Domestic violence and abuse is just as big a problem in the countryside as it is in towns and cities according to Sally Morrissey, manager of Gloucestershire domestic abuse support service.

Those living in the countryside and suffering from domestic violence and abuse can find it difficult to gain access to services, especially if residing in a small village. Travelling to where support is available can be even more difficult, particularly where public transport is limited.

Typically small villages are very tight-knit communities and this can present challenges for victims. There is a lack of privacy as everybody tends to know everybody’s business. On top of this, if a person is well liked in the community then it becomes more difficult for accusations of domestic violence and abuse to be made against them.

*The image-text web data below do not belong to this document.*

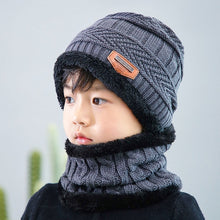 Load image into Gallery viewer, 2019 New Winter Children Knitted Hat Ring Scarf Sets Kids Warm Baby Plus Velvet Thick Soft Cap Boys Girls Fleece Lining Beanies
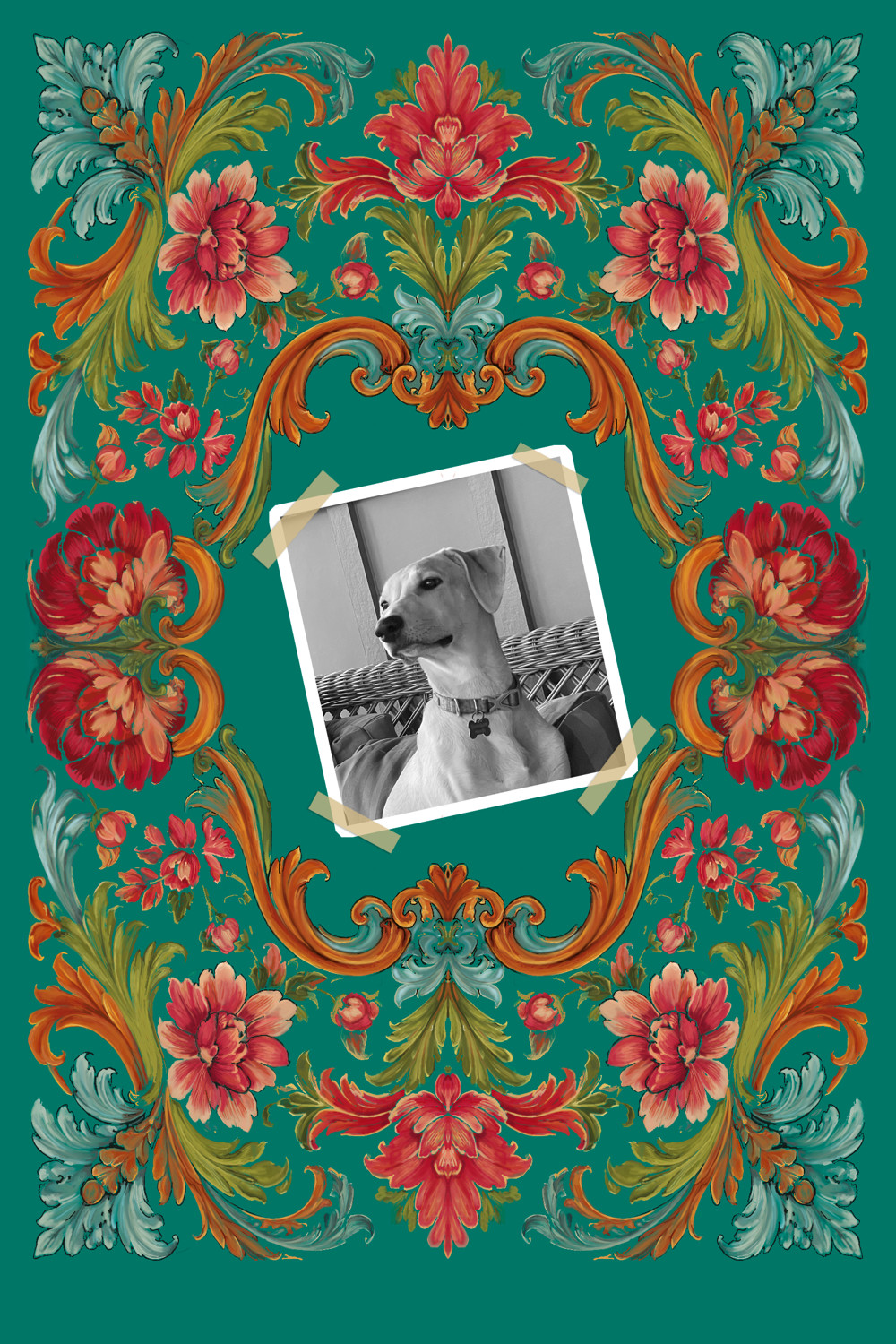 Fetching Love cover artwork, a painted Regency floral frame with a snapshot of a dog taped into the centre
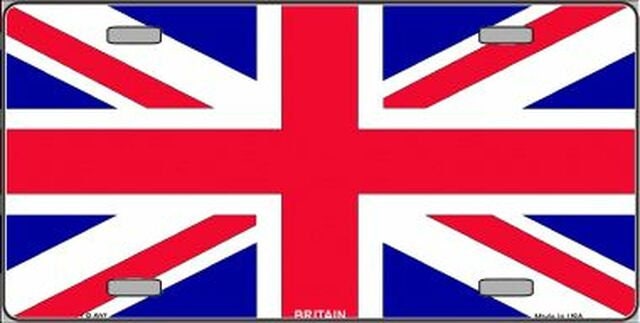 GREAT BRITAIN Flag Metal License Plate Sign Novelty Vanity Britons British Craft Supply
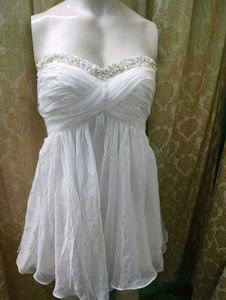 White Strapless Party Dress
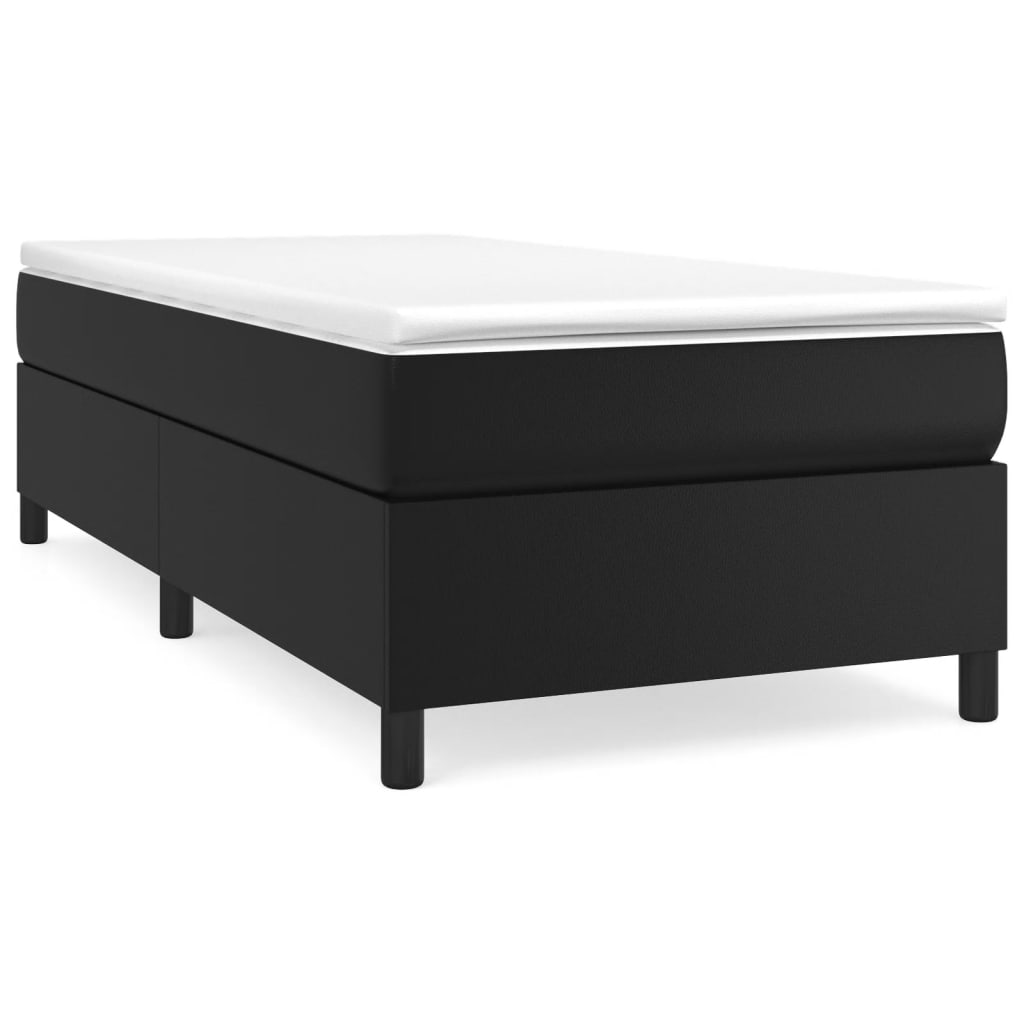 Estrutura de cama de solteiro para adultos com molas 100x200 cm couro artificial preto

It can also be difficult for domestic violence and abuse sufferers to move away from their abuser, even with the help of support services. Those who are being abused have often lived in their community throughout their lives and being forced to move away can cause further distress.

Despite this range of difficulties, Sally Morrissey has found that domestic abuse cases are reported just as often in the countryside as they are in the city. “1.5% of the population of Gloucester city refer to us. In little villages in the Cotswolds, such as Stow on the Wold or Borton on the Water, the same proportion of the population are referred into our service, 1.5%”.

Similarly to the inner city, Morrissey also works with male victims of domestic violence abuse although they are the minority. “About 5% of the client group are male victims of domestic abuse. It’s probably under reported but we are starting to make inroads into understanding the issues for male victims of domestic abuse”.